知り合いの弁護士のSNSで、こんなホームページが問題にされていました。
www.sihou-ho.com/

※ 知り合いが魚拓をとってくれましたので、上が改訂された時のため、そちらも紹介しておきます。
http://megalodon.jp/2014-0711-1056-07/www.sihou-ho.com/

以前、私が司法書士の簡裁代理権の講師をやっていましたが(今年で3年の任期が終りました)。司法書士は、140万円を超える金額の事件を代理人として受任することが出来ません。

このホームページでは、堂々と、140万円を超える事件の報酬が掲示されています。明らかな非弁行為です。

司法書士の中には、140万円を超える案件を隠れて行う人がいますが、これだけ堂々と掲示する礼は珍しいといえるでしょう。

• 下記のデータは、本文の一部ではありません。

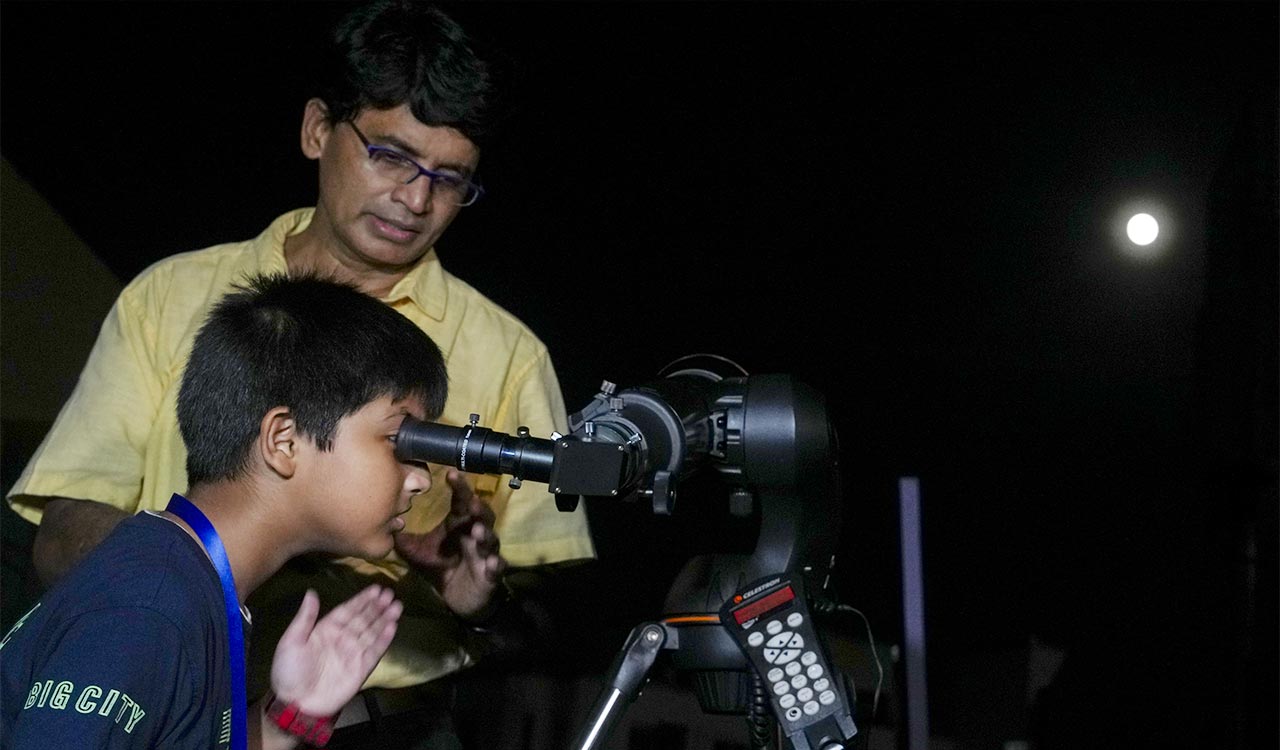 ‘Blood Moon’: Total lunar eclipse wows skywatchers across India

私もSNSでこのホームページについて非弁行為だと書いたところ、弁護士でない方からいくつか質問頂いたので、この点を意識しつつ、説明をしたいと思います。

以下の2つの疑問が出てきました。
①合意管轄などを設定して簡裁に出せるなら、事件として扱えるのでは?
②さすがに地裁には持っていかないだろうから、任意交渉で終らせるつもりだろうか?

そもそも、残業代請求ですから、就業規則や労働契約書に簡裁合意管轄の定めなんて置くのか、という点もありますがそれはさておき、司法書士は、「簡裁で裁判する案件を代理する」わけではありません。
司法書士法によると、訴訟の目的の価額が裁判所法 (昭和二十二年法律第五十九号)第三十三条第一項第一号 に定める額を超えないもの、つまり、140万円以内の事件でなければ取り扱ってはいけないとされています。したがって、合意管轄をしても、140万円を超える場合は取り扱う権限がなくなります。
そして、事件として代理業務は出来ませんので、任意交渉はおろか、法律相談も受けることが出来ません。

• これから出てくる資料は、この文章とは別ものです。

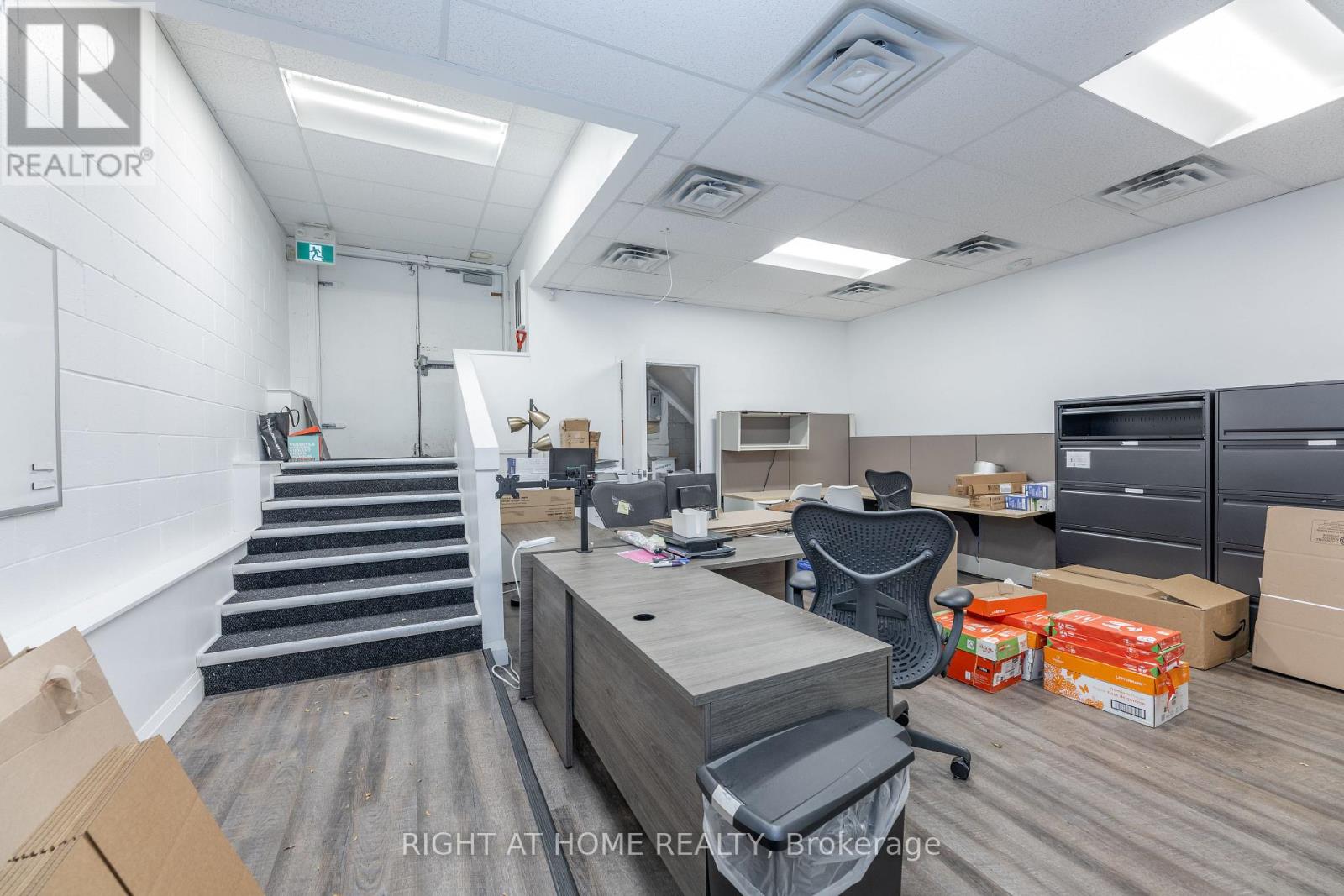 72 Lakeshore Road E, Mississauga (Port Credit), Ontario  L5G 1E1 - Photo 22 - W12496998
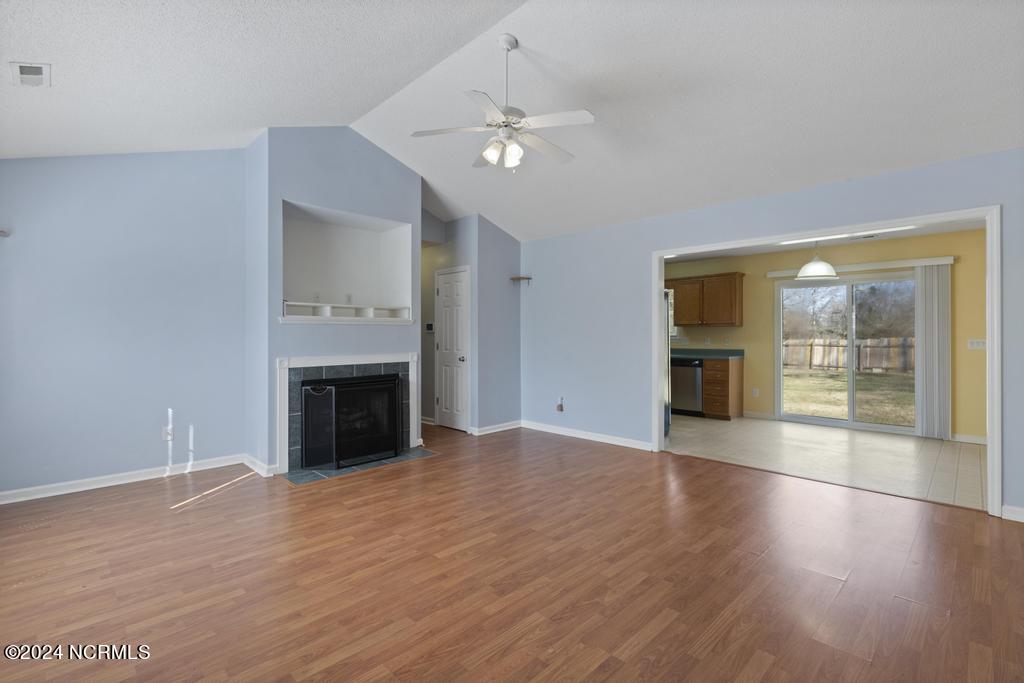 1302 Davis Street Property Photo 3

しかし、それではあまりに出来る事件が限られてしまう(正直、140万円以下の事件で係争がちゃんとある事件をやっていたのでは、事務所の運営は成り立ちません)ので、色々と言い訳を考えています。

1つは、140万円を超えるのだけど、一部請求の形で簡裁の事件にしてしまうと言うやり方です。例えば、300万円請求出来るのだけど、300万円の内140万円だけ請求する、という訴訟を提起してしまうやり方です。しかし、これは、明らかに依頼者にとって二度手間ですし、依頼者自身も何で?と思うでしょう。そこで、このやり方は、訴額が140万円をわずかに超えるようなケースを除き、あまり利用されていないと思います。
なお、当然ながら明らかな脱法行為で、事件としては300万円の事件ですから、いくら一部しか訴訟では請求しないといっても相談を受ける時点でアウトです。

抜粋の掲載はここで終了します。